16.However, it often happens that the majority group in a society or a centralized State fails to “acknowledge” the existence of cultural, social and political diversity within society, thereby breeding a “spiral of intolerance”. Groups conscious of their own identity are sucked into this spiral, violence spreads, repression follows, people turn to terrorism, and ultimately the original causes of the conflict get lost in a situation that spirals out of control. This is what we have witnessed in a number of international conflicts in the last few decades. Accordingly, the Working Group on Minorities has laid emphasis on the search for “early warning systems” involving precautionary measures to encourage tolerance and harmony and thus avert conflicts and the promotion of “peaceful resolution of conflicts” whereby ways are sought to broker agreement between States and various groups that, for one reason or another, arrogate to themselves rights and demand recognition of their specificity. Notwithstanding the complexity of the phenomenon, simply ignoring what is happening is the worst policy of all.

17.Overall, the issue of self-determination and minorities, the subject of these brief remarks, is closely bound up with peace and the need to find constructive solutions in a globalized world, one in which the search for local and minority identities and origins forms part of the broader process of globalization.

C. Evolution of the concept of self-determination

18.A historical study of the development of the concept of self-determination shows that it has evolved and has been applied and interpreted in different ways.

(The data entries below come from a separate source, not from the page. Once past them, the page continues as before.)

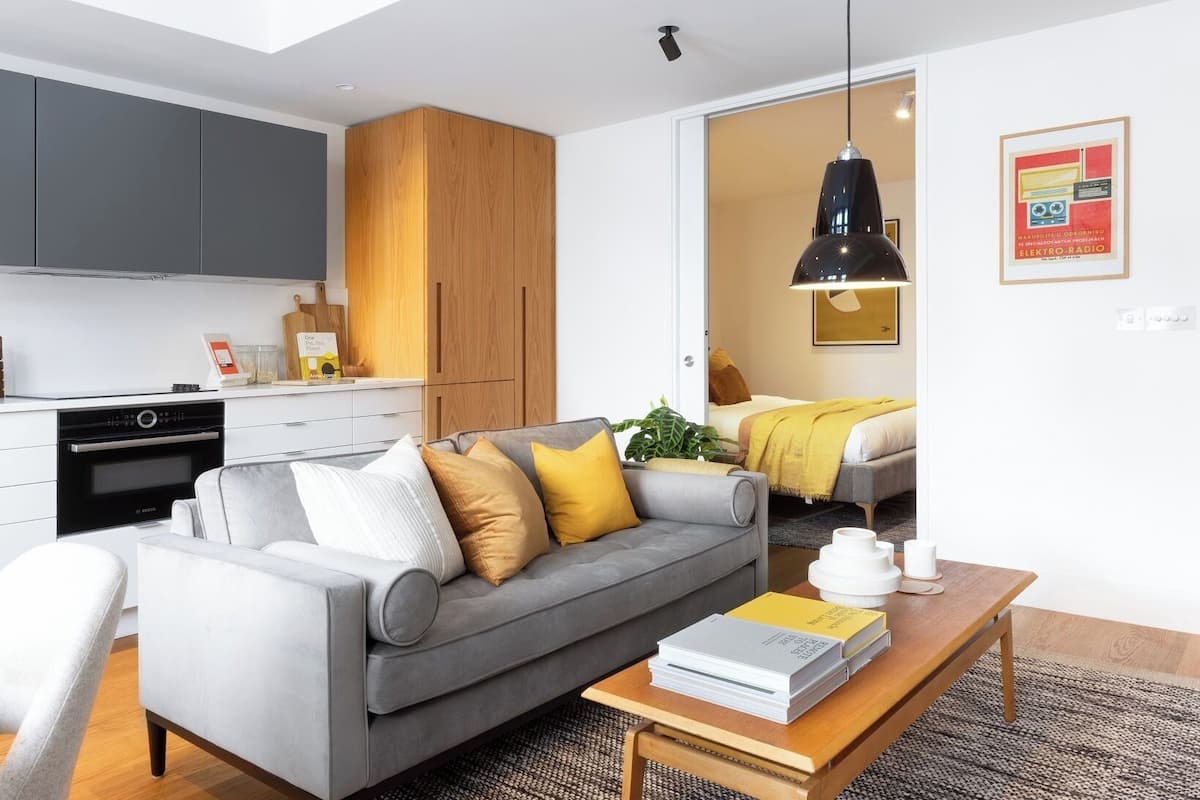 A modern living room with a grey sofa, a wooden coffee table, and a kitchen area with grey cabinets and a Bosch oven.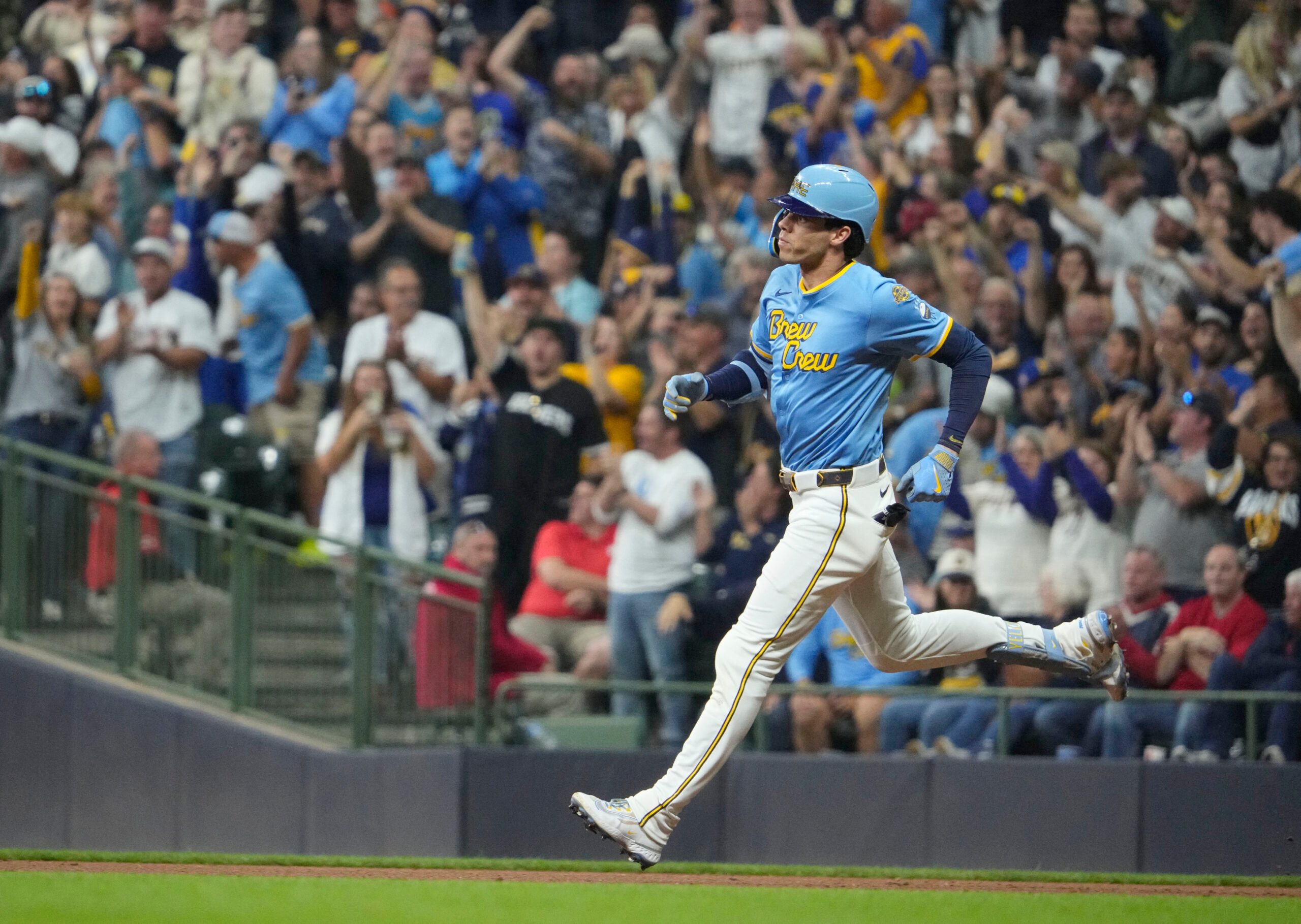 Sep 12, 2025; Milwaukee, Wisconsin, USA; Milwaukee Brewers outfielder Christian Yelich (22) hits a home run against the St. Louis Cardinals in the seventh inning at American Family Field. Mandatory Credit: Michael McLoone-Imagn Images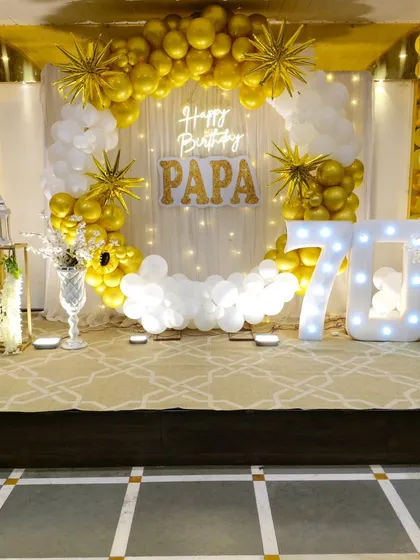We create elegant setups for milestone celebrations, like this 70th birthday party. The decor features a classic gold and white balloon arch, a sheer curtain backdrop with fairy lights, a custom neon sign, and a large "70" marquee number, creating a sophisticated and celebratory atmosphere.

Our contention is that in the era of globalization a new concept of self-determination is being forged, which must be nurtured and promoted, since it will serve as a valuable tool for resolving problems among social groups of different origins in an increasingly interconnected world.

19.The concept of self-determination has undergone many changes of meaning in modern times. It has long been recognized as the right of peoples to govern themselves and to control their land without outside interference. However, the concept and meaning of the terms people, nation and even the State have obviously changed down the ages.

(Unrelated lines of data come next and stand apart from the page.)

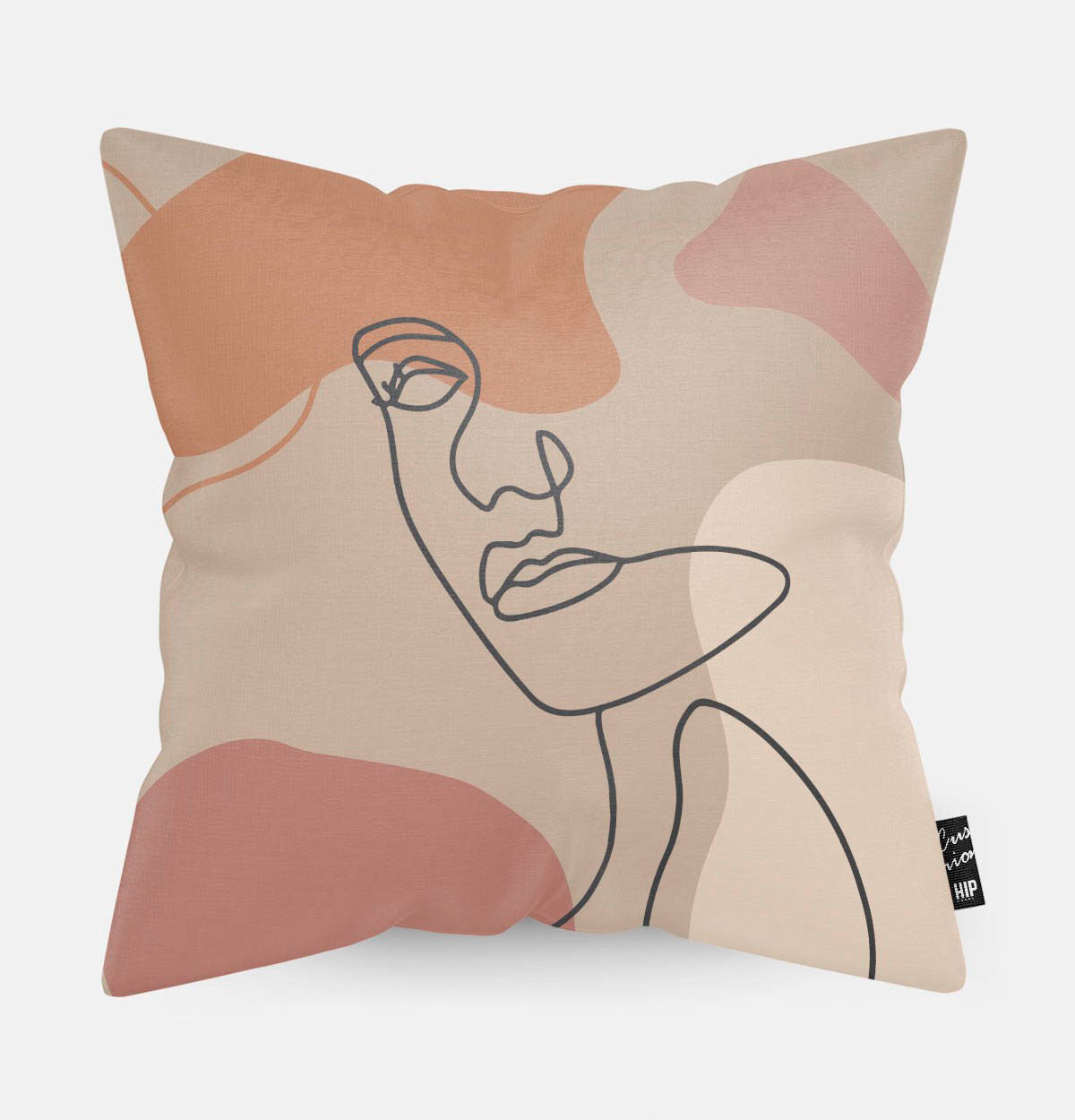 Kussen met line art met vrouwengezicht en verschillende roze vierkanten erop afgebeeld.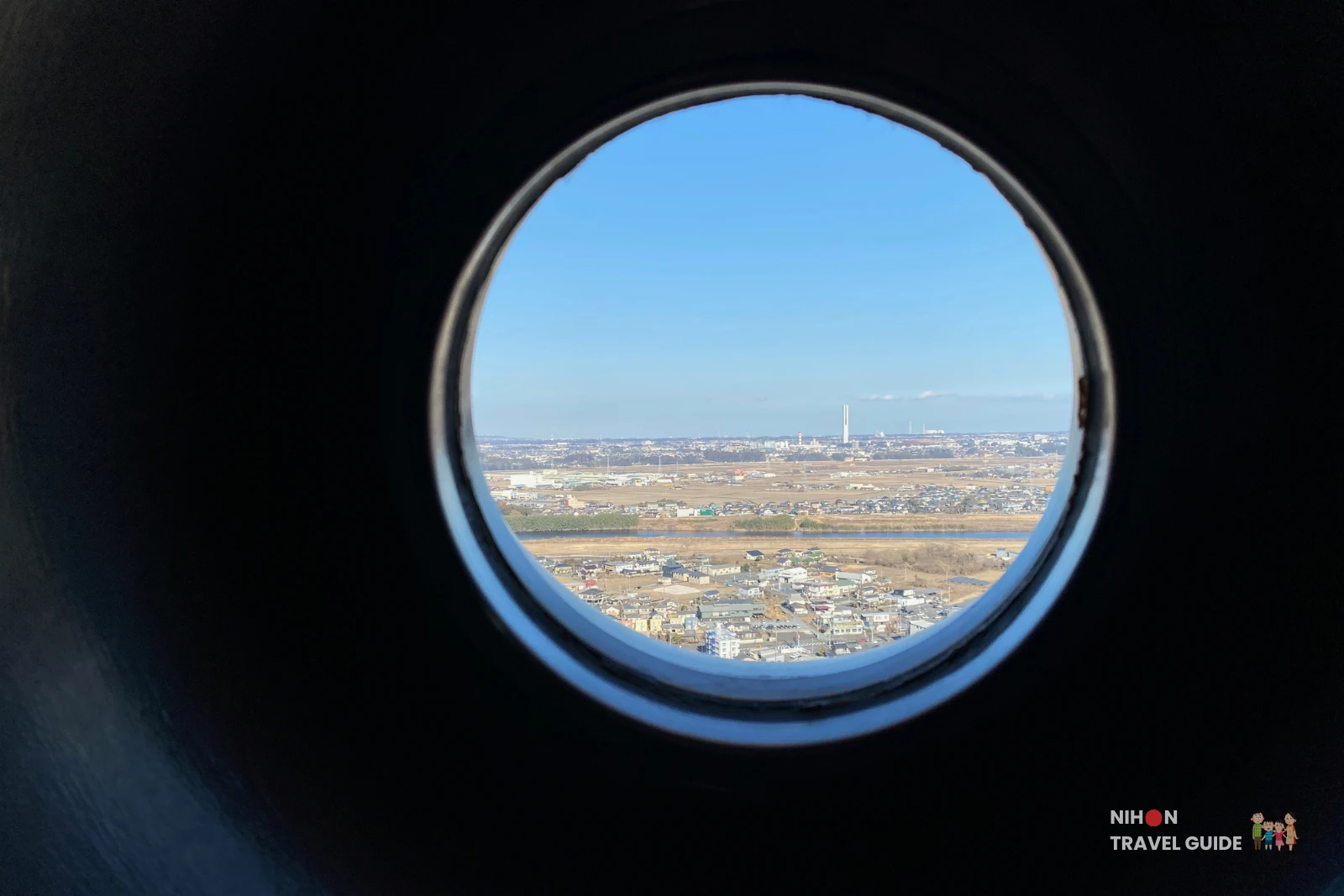 View through a circular porthole window on the Art Tower Mito observation deck at 86.4 metres, showing the Hitachi G1 Tower — Japan's tallest elevator research tower at 213.5 metres — visible as a slim white needle rising above the flat Ibaraki plains on the horizon, with the Naka River and residential suburbs of Mito City in the foreground, Ibaraki, Japan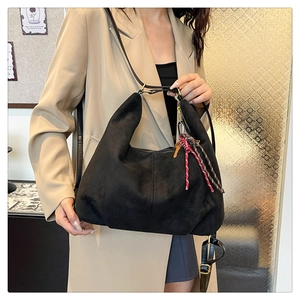Detail of black matte suede hobo bag with braided rope knot and gold key decoration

20.For a long initial period, centuries in some cases, this concept was linked to the existence or non-existence of a royal house exercising its prerogatives. Self-determination equated to the right acquired by certain individuals, kings for example, not to be faced with arbitrary acts, and a situation of continual warfare was thereby avoided. This is the concept of self-determination in the sense of “sovereignty” or sovereign rights. After revolutions and the establishment of republics, the State (i.e. the republic) became the repository of the right of every people; in one way or another States inherited the prerogatives formerly belonging to kings or whoever governed a particular area in the name of the king. For a very long time, therefore, the selfdetermination of peoples was a concept linked to central authority and was unrelated to the right of citizens, i.e. the people, to govern themselves.

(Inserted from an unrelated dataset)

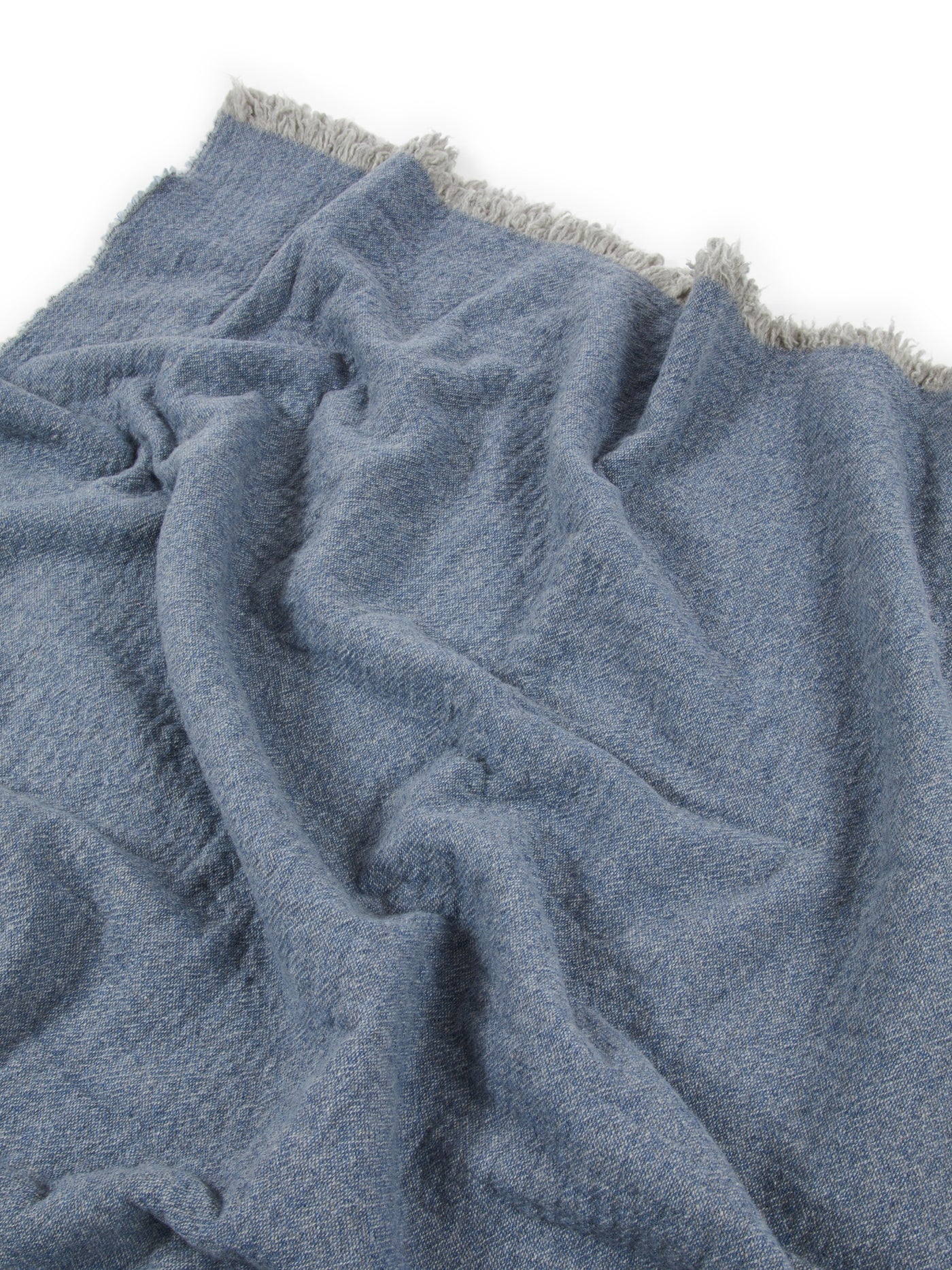Lanerossi Venere blanket in slate blue, draped to show fringe trim and fluffy boucle texture.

21.Throughout this long period, all over Europe, the “peoples” who comprised “countries” controlled by a crowned head and hence possessing the right of self-determination were themselves composed of a multitude of cultures, minorities, regional and local societies, and religions, in short a sometimes extremely confused hotchpotch. The most suitable definition of a people was “subjects or supporters of a monarch”. As a number of commentators have observed, the formation of a “national” bond was a very belated phenomenon in Europe, perhaps even more belated that in the Americas, both North and South. With reference to Europe and, ofcourse, the countries of the third world, it is therefore very hard to speak of the right ofselfdetermination of peoples extending to peoples themselves until well into the twentiethcentury. It was an attribute of the monarchies and the new republics that emerged in the nineteenth century.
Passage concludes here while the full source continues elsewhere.